In our town square is a piece of installation art consisting of 300 rods of equal length arranged in a cubic lattice. The whole structure balances on a single vertex, with the diagonally opposite vertex at the top. Each rod contains an LED strip light, which can be independently switched on and off. A microprocessor controls this, lighting up the rods that form the shortest continuous path between the bottom and top vertices.

Each combination of rods (meeting the shortest continuous path criterion) is lit up for 10 seconds, then another and so on, until all combinations have been displayed, when the cycle starts again.

How long does it take to complete a full cycle?

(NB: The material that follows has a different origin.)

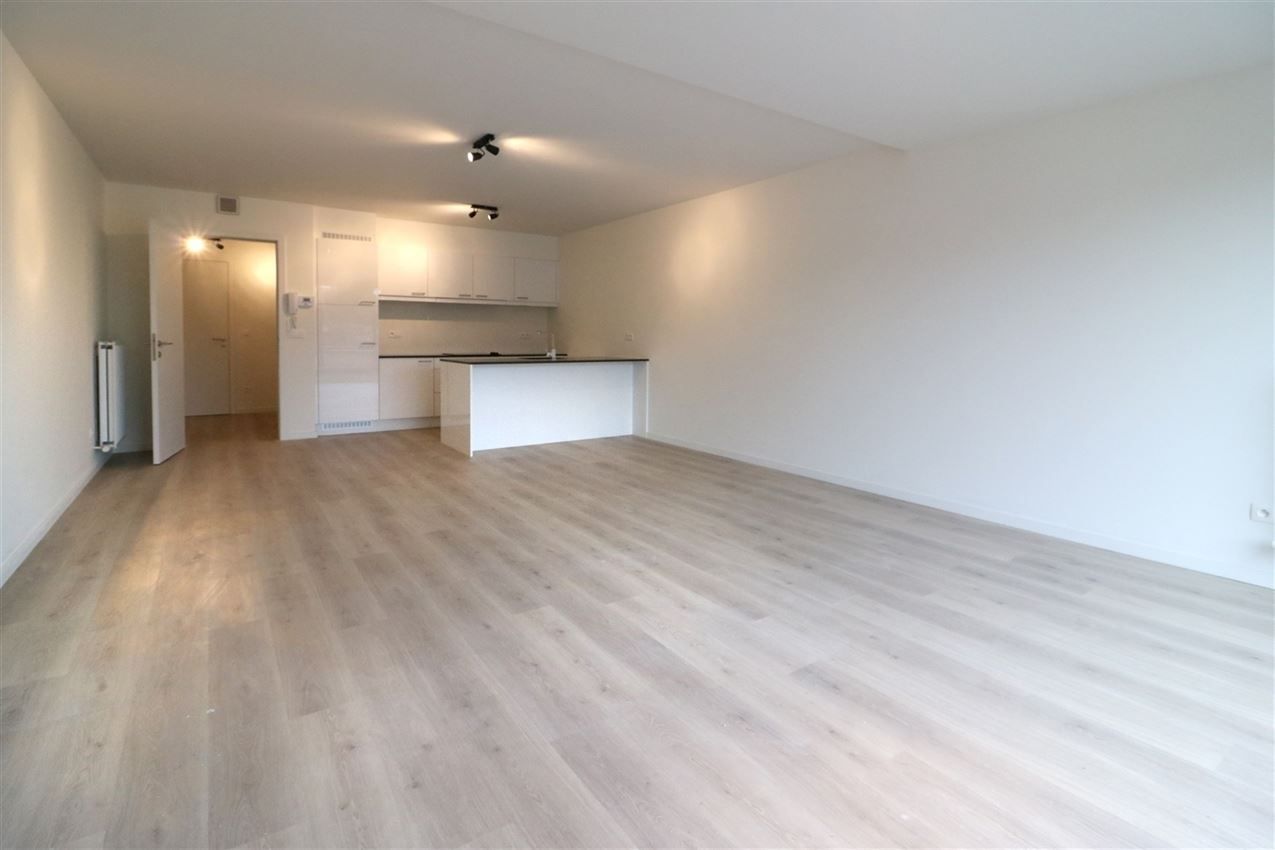 Gelijkvloers appartement met 2 slpk., terras en autostaanplaats foto 4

In a cubic lattice *n* cubes on a side, there are *n*^{3} small cubes which if separated would have 12*n*^{3} edges. In the lattice 12*n* of these edges lie on the edge of the big cube; each contributes 1 rod to the total. There are 4*n*^{2} edges lying in the each of the 6 faces of the big cube, of which 4*n*^{2}–4*n* in each face are *not* on an edge of the big cube, or in total 24(*n*^{2}–*n*) such edges; each coincides with another such edge so each contributes 1/2 rod to the total. Left over are 12*n*^{3}–12*n*–24(*n*^{2}–*n*) edges which lie in the interior of the big cube; each coincides with three other such edges so each contributes 1/4 rod to the total. Therefore there are 12*n*+12(*n*^{2}–*n*)+3*n*^{3}–3*n*–6(*n*^{2}–*n*) = 3*n*^{3}+6*n*^{2}+3*n = *3*n(**n*+1)^{2} rods. For *n* = 1, 2, 3, 4… this is 12, 54, 144, 300… rods. So the installation art cube is 4 rods on a side.

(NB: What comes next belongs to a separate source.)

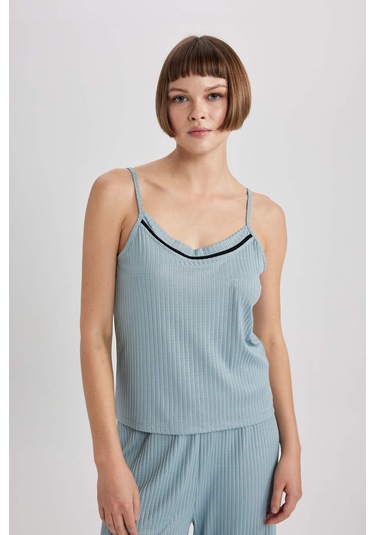 DeFacto Fall in Love Regular Fit Askılı Casual Pijama Üstü B6560AX23AUGN1200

So now how many ways can you draw the shortest path between diagonally opposite vertices? If we label the three mutually perpendicular edge directions as north/south, east/west, and up/down, then each such path starting from the south/west/downwardsmost vertex must contain exactly four steps to the north, four to the east, and four upwards. That is, 12 steps, four of each of three kinds. Or more generally, 3*n* steps, *n* of each of three kinds. The number of possibilities is (3*n)*!/(*n*!)^{3}. For *n* = 1, 2, 3, 4… this is 6, 90, 1680, 34650… possible paths. So a full cycle for an *n*=4 cube at 10 seconds per path is 346500 ~~minutes~~ seconds or ~~240~~ 4 days, 15 ~~hours~~ minutes.